Figure 2.
Splenic cDC compartment consists of heterogeneous cell states of cDC1 and cDC2
Sorted MHCII+ CD11c+ splenic DCs of C57BL/6 and Batf3−/− mice (see Figure S2) were incubated with Total-Seq antibodies and sequenced using the 10X Genomics droplet-based sequencing platform.

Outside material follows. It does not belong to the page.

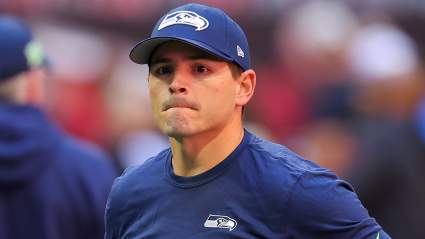 Seahawks Reveal Concerning Injury News on Star This Week
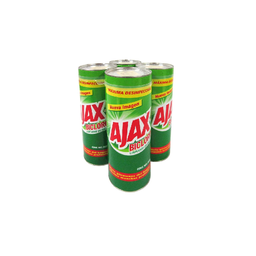 [7501035910072] Ajax bicloro 388g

Application of the Seurat pipeline resulted in 20 clusters at resolution 0.5.
(A) UMAP depicting clusters based on Louvain algorithm using the FindNeighbors function in Seurat.
(B) Proportion and number of cells assigned to WT and Batf3−/− genotypes.

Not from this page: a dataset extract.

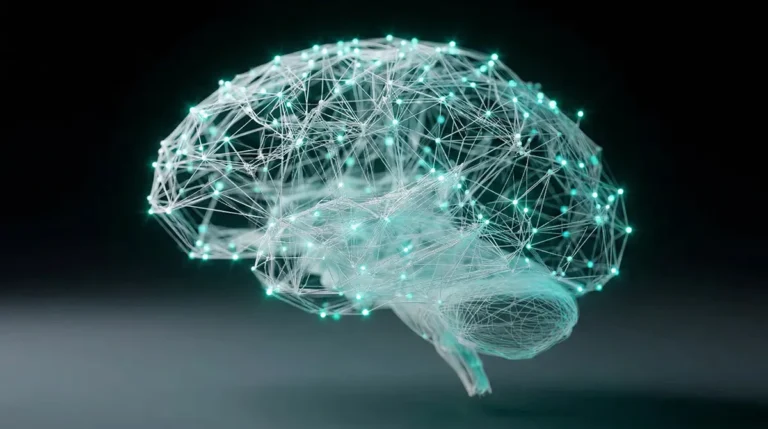 How Your Brain Links 86 Billion Neurons into One Mind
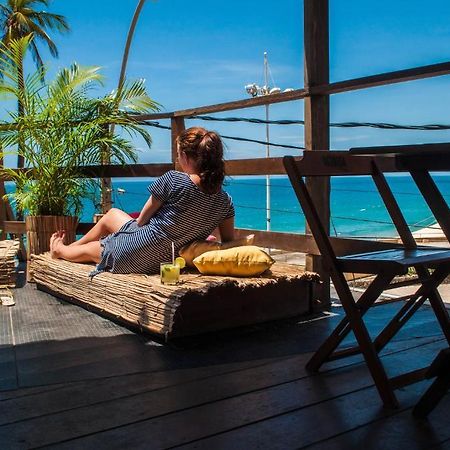 Che Lagarto Hostel Salvador Ngoại thất bức ảnh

(C) SingleR prediction of clusters using the ImmGen database-identified DC clusters and non-DC contaminations.
(D) Gene set enrichment analysis (GSEA) using DC gene signatures from (Miller et al., 2012) and the AUCell package (see Table S2).
(E) Density plots of key canonical DC and monocyte-delineating features using the Nebulosa package (Jose Alquicira-Hernandez, 2020).

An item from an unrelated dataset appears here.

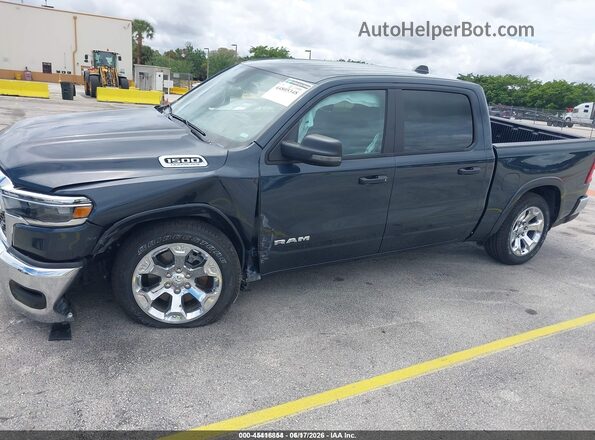 1C6SRFFP4TN254850 2026 RAM 1500 Gray 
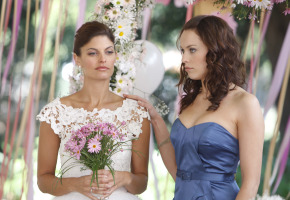 rafters wedding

(F) Definition of cluster groups for cDC1, Sirpa+ DCs, pDCs, and monocytes.
(G) GSEA of Sirpa+ DC clusters and monocytes (C15) using cDC2a and cDC2b gene signatures from Brown et al. (2019) and the AUCell package (see Table S2).
(H) Ridgeplot of Cd7 expression.
(I) Density plots of key genes delineating Sirpa+ cDC clusters using the Nebulosa package.
(J) Expression of maturation-associated and TLR genes.
(K) Distribution and proportion of cells assigned to cell cycle phases based on the expression of gene signatures of the G1, S, and G2/M phases (see Table S5).